Ensayo sobre la era del simulacro y la política de la posverdad
Durante siglos, la verdad fue el horizonte del pensamiento y la base de la convivencia. Hoy, se ha vuelto un estorbo. Lo que manda es la narrativa: la capacidad de imponer una versión convincente, no de demostrar un hecho. El sujeto contemporáneo ya no dice “pienso, luego existo”, sino “miento, luego existo”. Mentir no es sólo falsear: es producir realidad simbólica en un mundo donde la existencia depende de la visibilidad.
Las redes sociales han convertido la vida en una arena de exposición permanente. Cada individuo es su propio publicista. La autenticidad ya no se mide por la verdad, sino por la capacidad de mantener la atención. Así, la mentira deja de ser excepción moral para convertirse en mecanismo de supervivencia.
La posverdad no es el triunfo de la mentira sobre la verdad; es la fusión de ambas en una atmósfera donde ya nadie distingue. El algoritmo alimenta lo que emociona, no lo que informa. El cerebro, saturado, se refugia en lo que confirma su identidad. En este ambiente, la manipulación no necesita censurar: sólo debe inyectar emoción y repetir.
El sujeto posmoderno vive dentro de una jaula de hierro como la que advirtió Weber, pero ahora hecha de estímulos. La racionalidad instrumental ya no produce burocracia, sino flujo constante de dopamina digital. La obediencia no se exige: se desea. Nadie manda a mentir; todos mentimos porque el sistema recompensa la ficción más atractiva.

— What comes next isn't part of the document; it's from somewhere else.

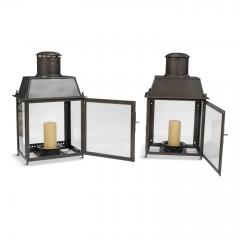 Large Scale Pair of French Tole Lanterns - 4336615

Las redes sociales son laboratorios de patología narcisista. La personalidad se disuelve entre filtros, slogans y autoficciones. El yo se fragmenta en “posts”, cada uno diseñado para provocar reacción. La mentira, en este contexto, no nace del engaño sino del vacío: se miente para llenar el silencio del algoritmo.
Desde el DSM-5 podríamos hablar de rasgos histriónicos, narcisistas o facticios, pero sería ingenuo reducirlo a un trastorno individual. Es un trastorno socialmente inducido: la adicción a la aprobación. El “yo” digital funciona como droga; cada notificación refuerza la sensación de existencia.
Jean Baudrillard lo predijo: vivimos en el simulacro, donde el signo sustituye a la cosa. La política ha perfeccionado ese arte. Los líderes ya no gobiernan realidades, sino percepciones. Los partidos fabrican escenografías de moral, inclusión o transparencia; detrás, la gestión del poder sigue idéntica.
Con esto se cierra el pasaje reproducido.